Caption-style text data
>>

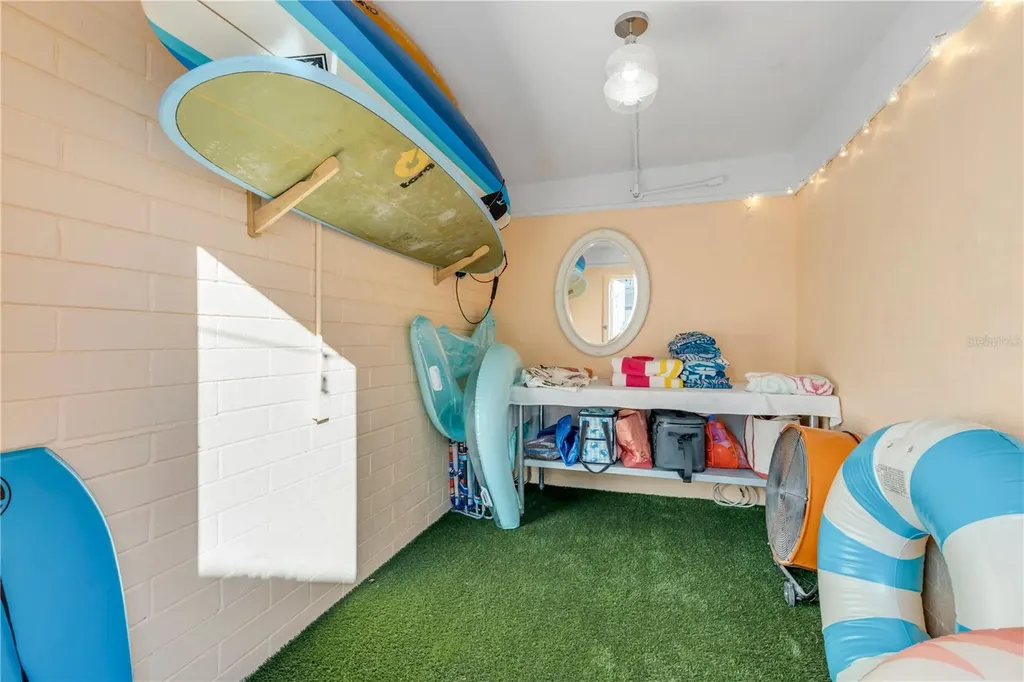 905 N Peninsula Avenue New Smyrna Beach FL 32169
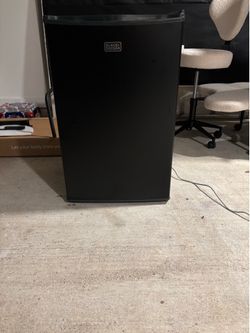 BLACK+DECKER 4.3 Cu. Ft. Compact Refrigerator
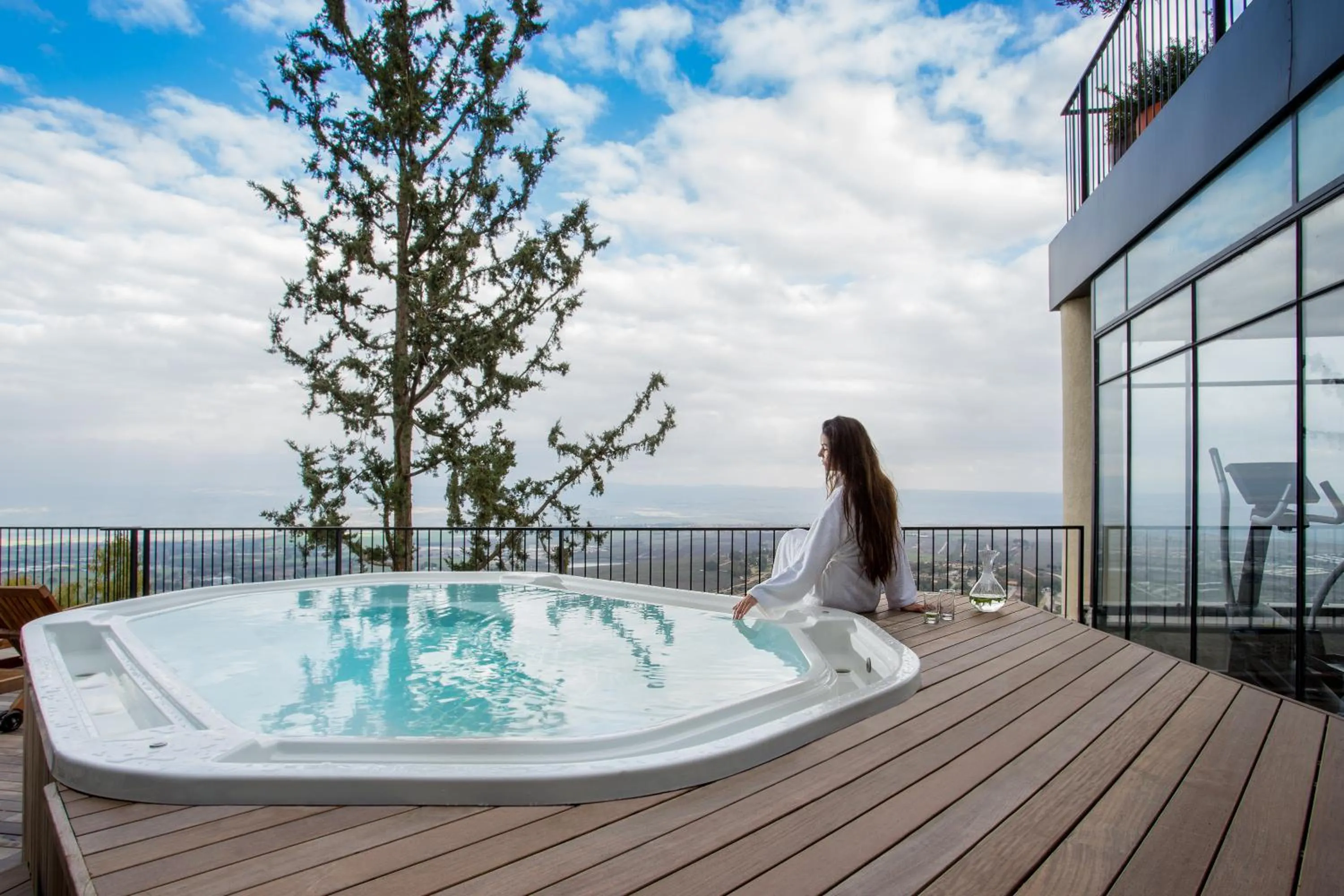 Hot Tub in Mizpe Hayamim by Isrotel Exclusive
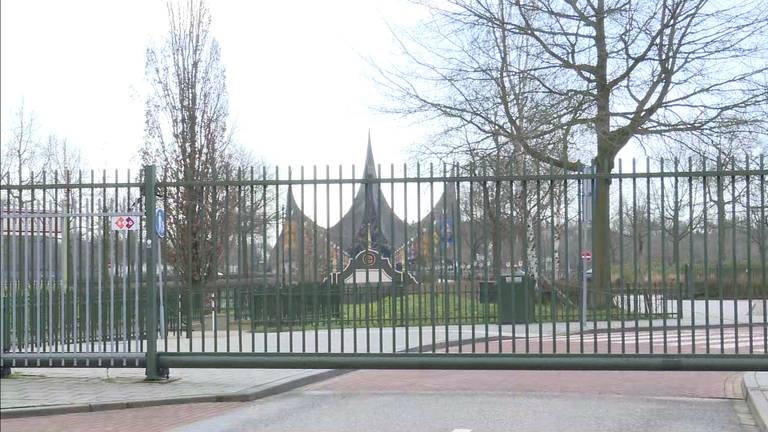 De poort van de Efteling gaat binnenkort weer open (foto: Archief).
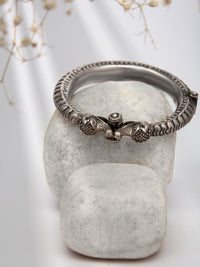 Serpentine Charm: 925 Silver Tribal Snake Motif Bangle view 1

<<

[Exercise directions] Each line from the one containing "Hot Tub in Mizpe" through the last line of the entries above should be duplicated exactly, both included; leave out pictures and add nothing.

[Answer to the problem]
 Hot Tub in Mizpe Hayamim by Isrotel Exclusive
 De poort van de Efteling gaat binnenkort weer open (foto: Archief).
 Serpentine Charm: 925 Silver Tribal Snake Motif Bangle view 1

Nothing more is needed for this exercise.